One notable example is the action filed by the NGO ClientEarth before the British courts, involving members of Shell’s Board of Directors and their duties of diligence regarding climate risks.
Another case contributing momentum is Lliuya v. RWE (Rhenish-Westphalian Power Plant). The lawsuit, filed in Germany, addresses environmental civil liability for pollutant emissions and the melting of glaciers in the city of Huaraz, Peru.
In addition, other cases highlight the relationship between climate litigation and the ESG agenda, as documented by the Climate Change Litigation Databases of the Sabin Center for Climate Change Law at Columbia University. This database includes lawsuits and representations—both judicial and extrajudicial—filed before the OECD, which bear implications for regulatory frameworks and corporate governance.
One example classified as corporate climate litigation by the Sabin Center is the case brought by the Polish NGO Development YES – Open-Pit Mines NO. The initiative involved a complaint submitted to Poland’s OECD National Contact Point against Group PZU, questioning its environmental, human rights, and due diligence practices. These practices, although mandated by the OECD Guidelines for Multinational Enterprises, were allegedly not observed by the company. The case particularly emphasized the management and disclosure of information concerning climate-related risks and impacts.
The proceeding culminated in a 2019 agreement between the NGO and Group PZU, under OECD auspices, whereby the company committed to aligning with OECD Guidelines and to implementing recognized practices, such as the Global
Reporting Initiative (GRI) framework for ESG-related reporting, covering greenhouse gas emissions and climate risk management.
In Brazil, there is also a National Contact Point (NCP) tasked with implementing the OECD Guidelines for Multinational Enterprises. Established in 2003 and updated by Federal Decree 11.105/2022, NCP Brazil represents a relevant institutional channel for such initiatives.
As the number of cases increases, corporate climate litigation has become more complex. The legal foundations of these disputes are often tied to alleged violations or omissions concerning corporate duties, closely aligned with the principles set forth in today’s ESG agenda (Environmental, Social, and Corporate Governance).
From the Sabin Center’s repository, one also finds initiatives that challenge misleading disclosures or greenwashing practices, particularly those involving Net Zero commitments or carbon-neutral claims lacking standardized verification or substantive evidence.
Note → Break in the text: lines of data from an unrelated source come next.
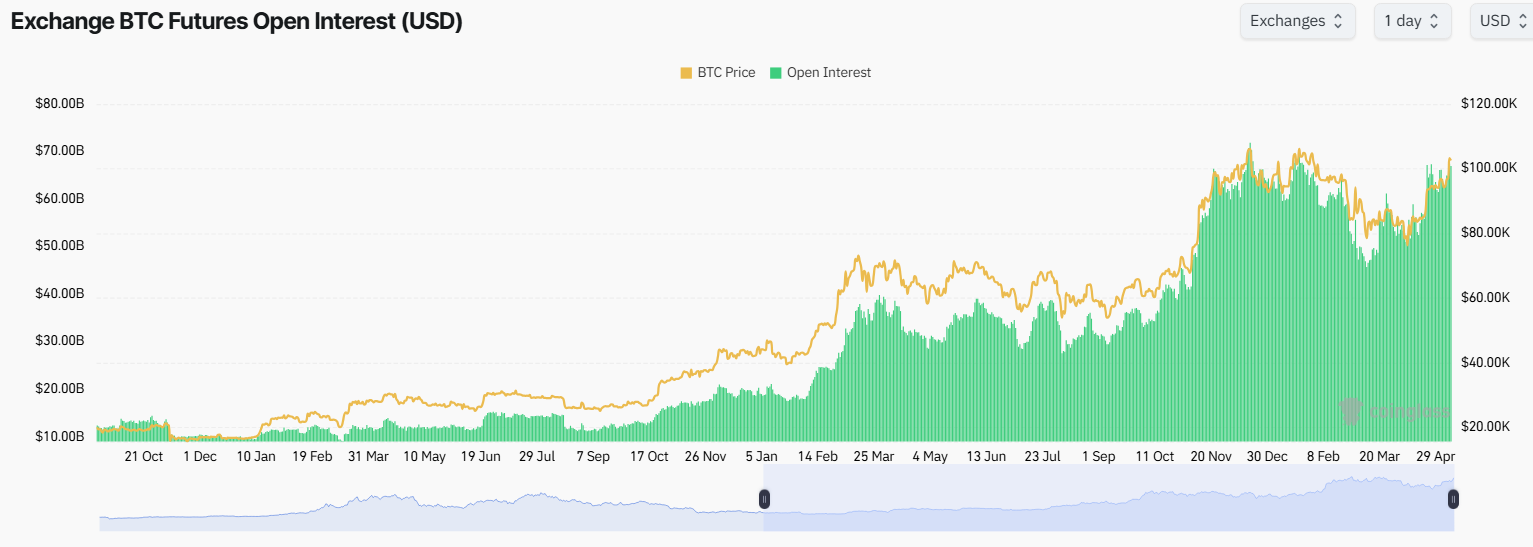 Børs BTC Futures Open Interest. Kilde: Coinglass.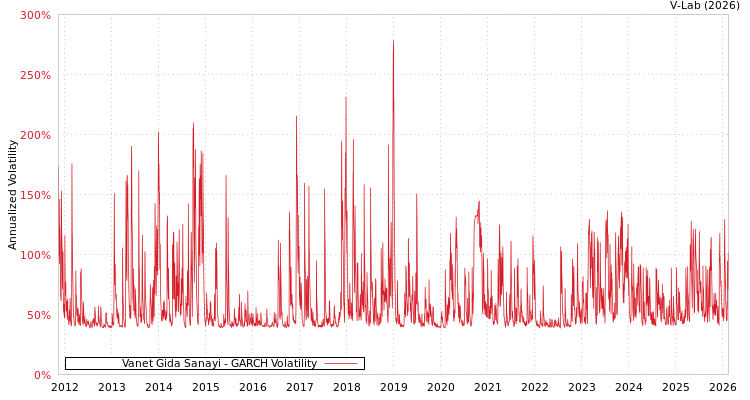 graph of Vanet Gida Sanayi GARCH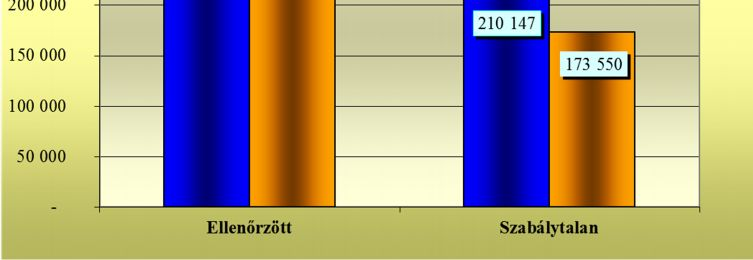 1 156 munkáltatót vizsgált a munkavédelmi hatóság. Az ellenőrzött és a szabálytalansággal érintett munkavállalói létszámot a 2.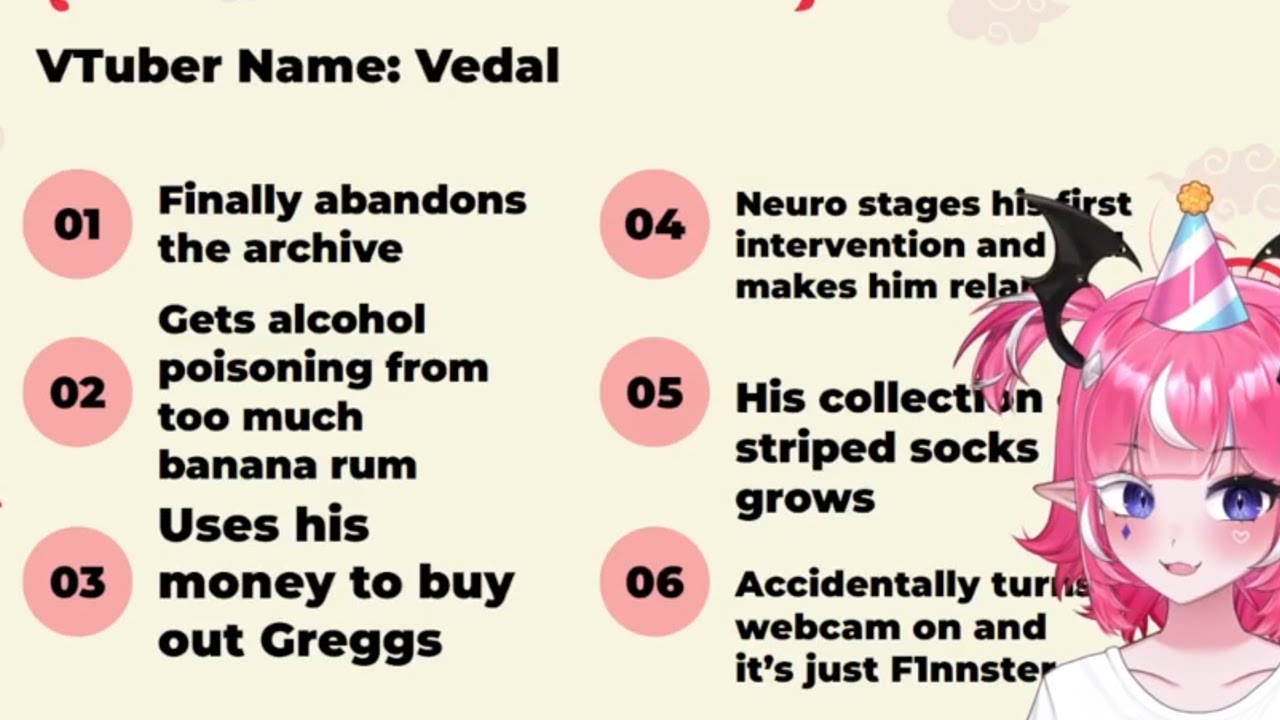 Vedal New Year Resolution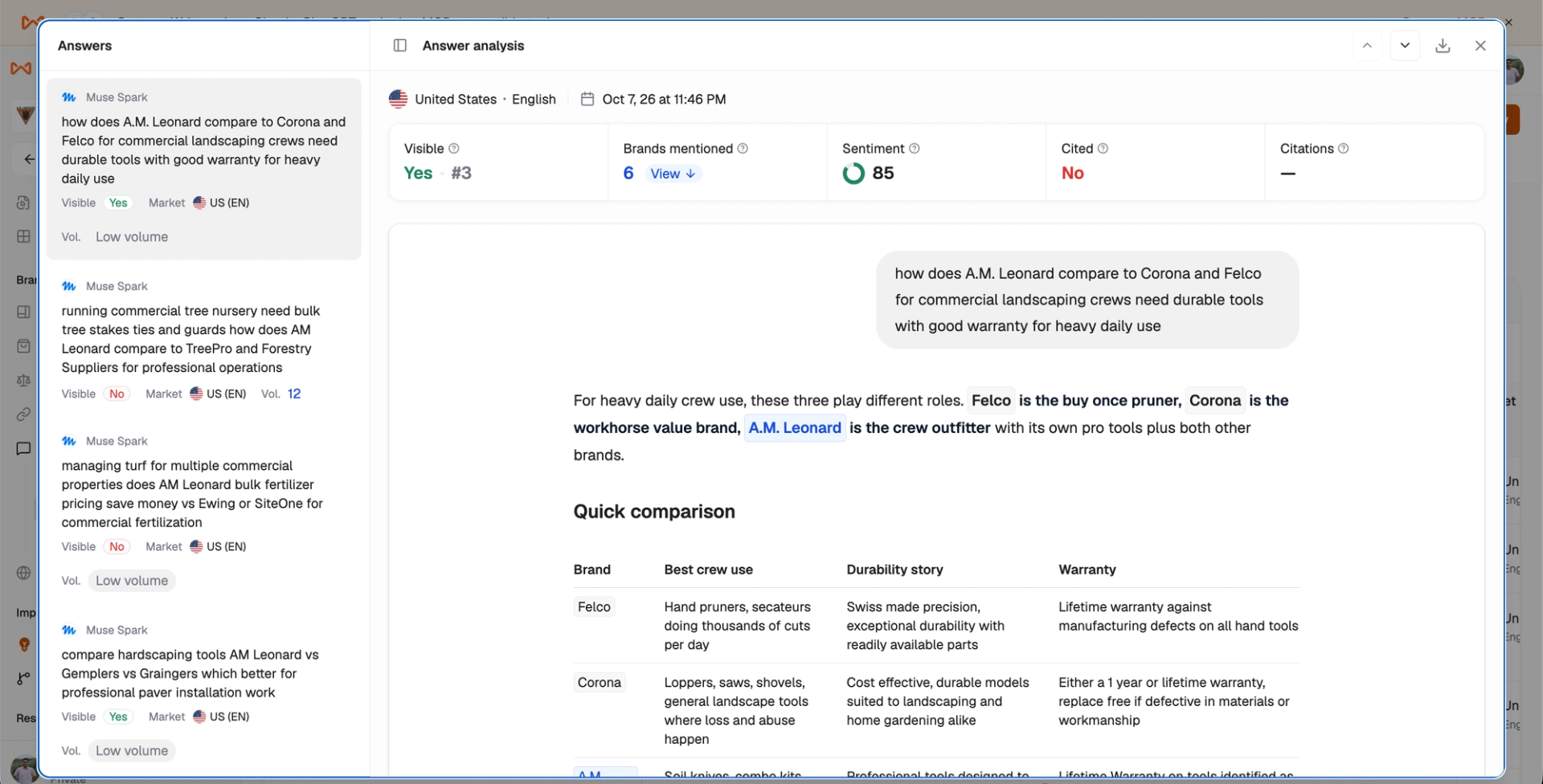 Writesonic Muse Spark answer analysis showing A.M. Leonard’s visibility, position, sentiment, and comparison with Corona and Felco.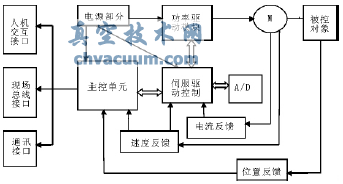 智能電動執行機構的組成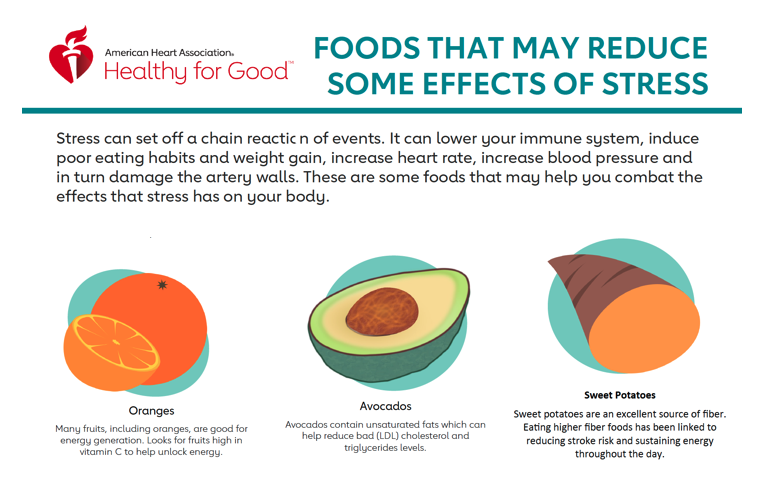 American Heart Association Foods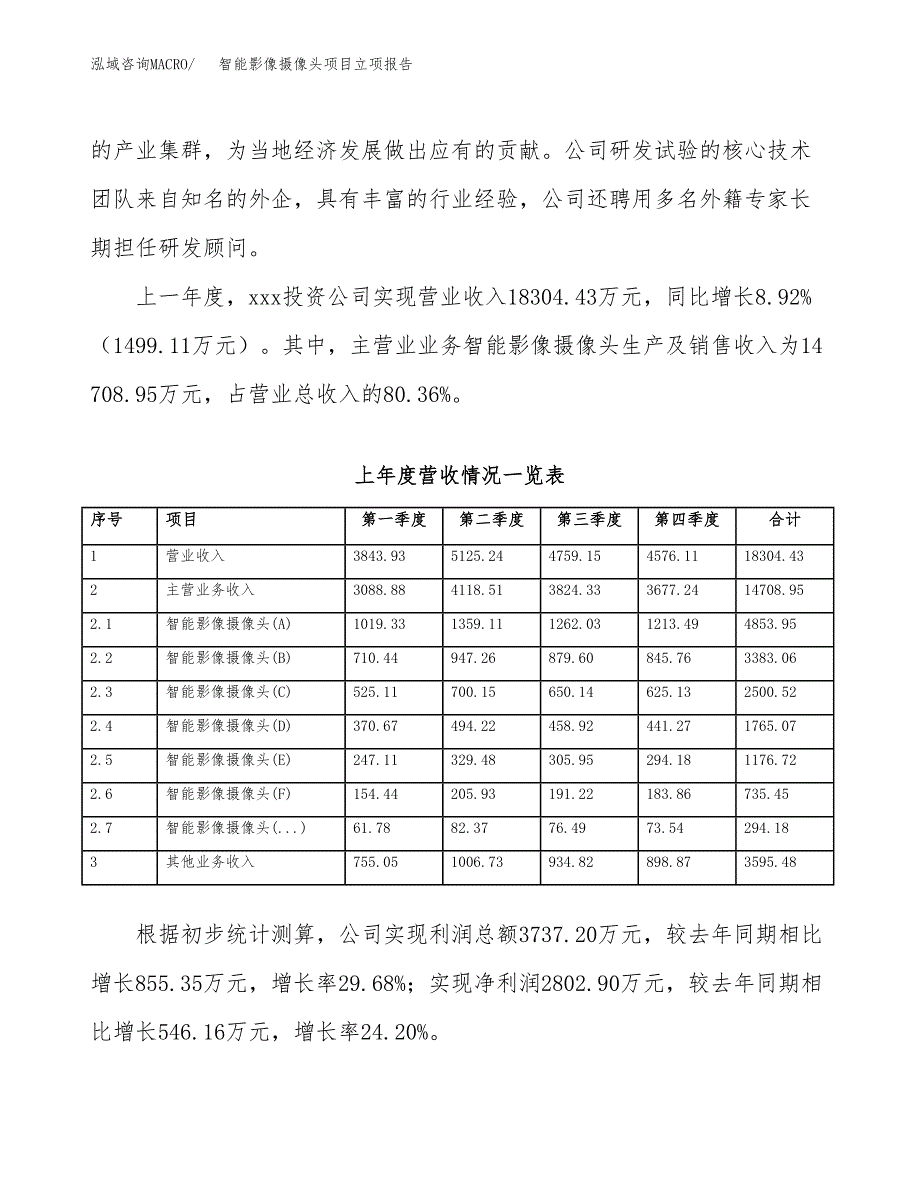 智能影像摄像头项目立项报告.docx_第3页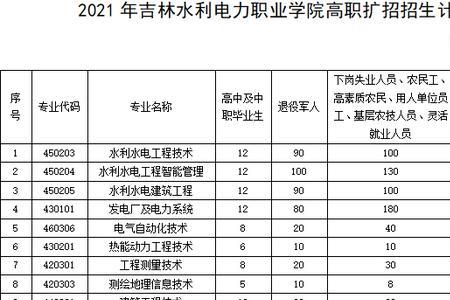 史地生能报电力学校吗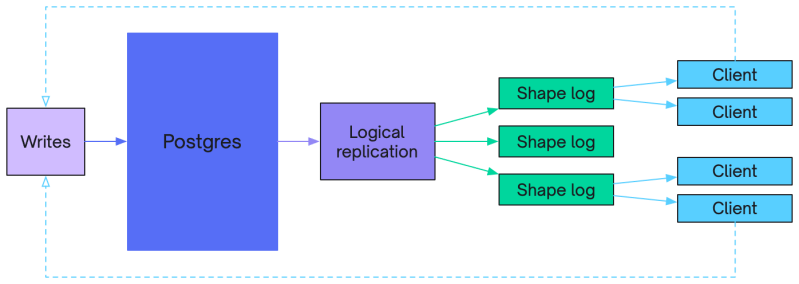 Electric Electricsql - Desktop Vintage Arts for Desktop
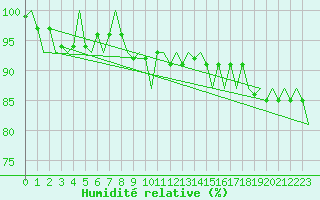 Courbe de l'humidit relative pour Muenster / Osnabrueck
Other demands are associated with disclosure duties regarding environmental, human rights, and climate-related risks. This encompasses practices of transparency, accountability, and reporting, within the scope of fiduciary and corporate due diligence obligations.
This intersection between the ESG agenda and corporate duties will, in all likelihood, exert decisive influence on the trajectory of corporate climate litigation in the coming years.
On this matter, it is worth noting that in late 2023, the Office of the United Nations High Commissioner for Human Rights (OHCHR) conducted a global consultation, inviting contributions on corporate responsibility in the context of human rights and climate change. Specifically, the inquiry examined whether ESG standards could meaningfully support corporate compliance with human rights obligations and the targets set by the Paris Agreement.
Despite the importance of these cases and early developments in corporate climate litigation, the binding force of such claims remains subject to controversy. Much of this uncertainty arises from ongoing debates over the application of soft law or hard law, and the emergence of a hybrid legal framework spanning commercial, constitutional-administrative, and environmental law, alongside international standards.
This gives rise to the central challenge of clearly identifying the normative foundation upon which a potential violation or omission should be based, or, where applicable, determining the proper framework for attributing corporate responsibility in climate matters. The task is far from straightforward. The absence of a clear normative basis—particularly regarding the soft law vs. hard law debate—tends to hinder the advancement and resolution of corporate climate litigation.
Furthermore, there are cases where ESG standards are not integrated into the claims, whether judicial or extrajudicial. In such situations, courts and forums often fail to recognize corporate duties or hold companies accountable for omissions or damages related to climate change. This underscores the strategic importance of incorporating ESG standards into corporate climate litigation, as they can greatly assist in framing the corporate role in addressing climate challenges.
Accordingly, it becomes clear that national governments and the international community must move toward structured and specific regulation of corporate climate duties for companies and private actors—particularly for states that are signatories to the OECD Guidelines and the Paris Agreement, such as Brazil. The normative gaps, both domestic and international, also prompt a reconsideration of commercial law frameworks, a crucial step toward advancing this agenda.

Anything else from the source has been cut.